**RECORDED INFORMATION:**
BEGIN
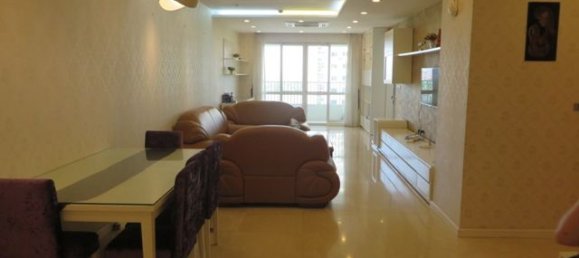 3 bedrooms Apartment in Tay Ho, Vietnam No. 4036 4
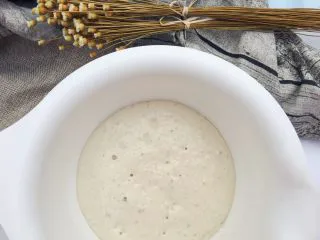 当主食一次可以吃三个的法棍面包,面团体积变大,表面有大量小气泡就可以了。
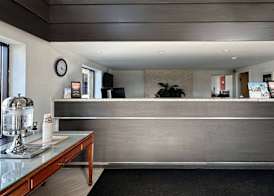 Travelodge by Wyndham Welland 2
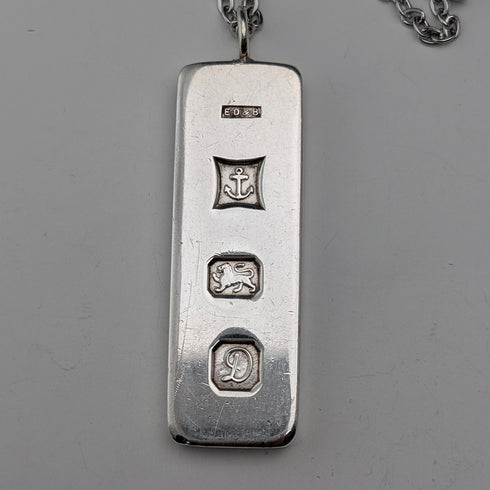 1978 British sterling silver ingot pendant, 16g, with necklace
END
**PROMPT:**
Repeat the data word for word; drop the pictures.

**RESPONSE AREA:**
 3 bedrooms Apartment in Tay Ho, Vietnam No. 4036 4
 当主食一次可以吃三个的法棍面包,面团体积变大,表面有大量小气泡就可以了。
 Travelodge by Wyndham Welland 2
 1978 British sterling silver ingot pendant, 16g, with necklace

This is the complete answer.